After writing an Awful Link of the Day blurb about the Midwestern forest minstrels Elvendrums, I searched the ALOD inbox to see what other ludicrous bands people have submitted for ridicule. Some of the suggestions were unusable -- the Comedy Central Records logo should really be a dead giveaway about fake-Christian joke acts, and I don't know what the fuck was supposed to be so goddamn hilarious about quality groups like Flesh Grinder and Diebomb -- but I salute the readers who persisted in their Internet digging until they struck buried sewer lines, producing the spewing black geysers that appear in this article.

The Right Brothers

For people who embraced Blink-182 as ignorant teens, that band's reunion might conjure unwelcome flashbacks to pubescent embarrassments and indiscretions, like an unsealed juvenile record or an acne relapse at age 47. But pop-punk can sink much lower than those clowns, as demonstrated by the Right Brothers, who replace nasally whines with Tennessee twang and boob jokes with drooling odes to Ann Coulter's long legs and "powerful intellect." Songs like "Bush Was Right" won't convert leftist listeners, but they might cause right-wingers to become so humiliated by the implied association that they abandon their beliefs. The Right Brothers are music's An American Carol: Proof that Republicans can perform a fool's errand just as poorly as Democrats.

Op-Critical

During a tune chronicling "liberals that we can't stand," the Right Brothers harmonize "we crown our list with Hillary." Op-Critical produced its own Hillary-bashing video, establishing that Lady Clinton is despised by shitty musicians at both ends of the political spectrum.

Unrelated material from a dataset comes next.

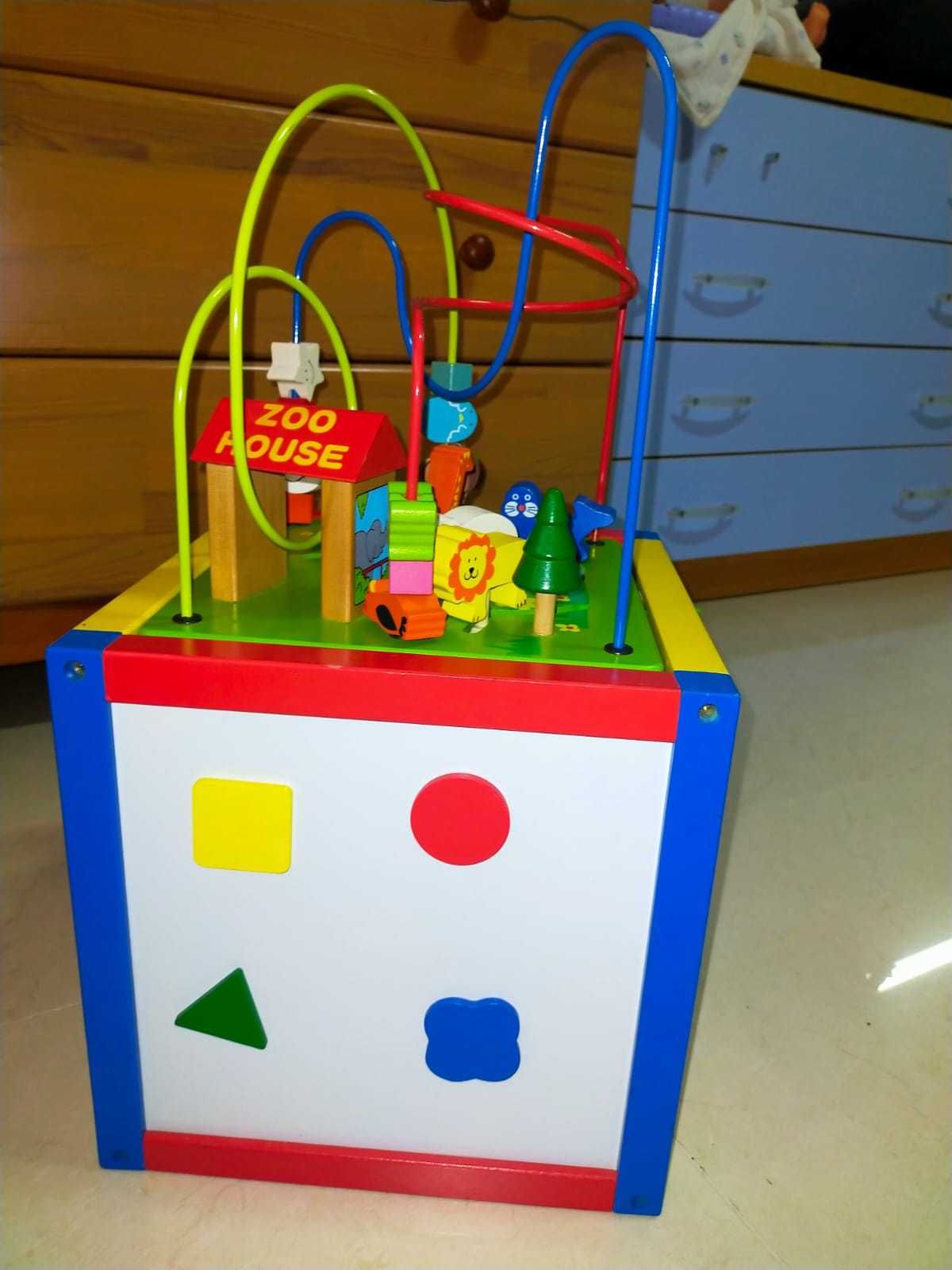 Brinquedo de madeira - cubo com várias funções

Op-Critical delves into lame liberal-dominated genres both traditional (wimpy acoustic folk) and modern (earnest rock-tinged rap), exhibiting the usual massive gap between do-gooder intentions and done-well music. The Op-Critical collective subjects one of its members to waterboarding in this clip, which might be cathartic for people enduring the horrible accompanying song.

Who are the fresh rebellious faces behind this bold radical imagery?

Oh, it's these guys.

Michael Phillip Wright

Oklahoma's Michael Phillip Wright decided 2007 was the perfect time to upload his musical take on 1999's Elian Gonzalez controversy. (By this timetable, his 9/11 reflection should be arriving online any day now.) Wright offers preemptive defenses for everything from his fruity outfit ("I was wearing a costume I used to wear when playing mandolin in an Italian restaurant") to his "obviously fake" beach backdrop (which humorously pauses halfway through the lip-synced clip, resulting in a static tide behind his flamboyant gestures), but his explanations only offer more ammunition for mockery. When not using his non-threatening croon to chide foreign policy, Wright films noise-pollution offenses, documenting evidence both unconvincing (a "barking dog" video with no canine sounds, a library cell-phone talker filmed at a distance) and dumbfoundingly obvious (train horns are loud!) If only noise-pollution watchdogs cracked down on crappy current-events songwriters!

Timatayo

Timatayo plays unremarkable acoustic music, though he occasionally gets a little spastic with the strumming. In this case, the music doesn't really tell the whole story. Fortunately, his Galleria reveals the rest!

Behold, the frightening intensity of Timatayo!

Timatayo's pictures toggle between extremes: With and without sunglasses, with and without a bottle of Sunkist. This represents the warring dichotomies within Timatayo's dynamic personality, the primal wildman raging against the suave customer who color-coordinates his carbonated beverages with his shiny shirts. The sunglasses are protective, not for Timatayo, but for the people who'd otherwise be incinerated by his smoldering gaze.

Timatayo occasionally poses outdoors to illustrate his untamable nature. He brandishes electric guitars, although his recordings seem to be largely acoustic, to illustrate that he is a live wire with a rebellious spirit that can never be unplugged. Timatayo sets the streets ablaze with passionate notions. He fuels seduction with his modern-day lute. His flowing locks smell like fire -- not smoke, but the actual flame most never get close enough to sniff. Timatayo writes "boring" songs because he knows whatever notes he performs will be overpowered by his charismatic aura. Spectators become too distracted with desire to remember how to hear.

If you play an instrument, Timatayo might ask you to join his band. This is an honor beyond human pleasure. Surrender to whatever initiation Timatayo deems appropriate, then begin playing your part in his cosmic opera.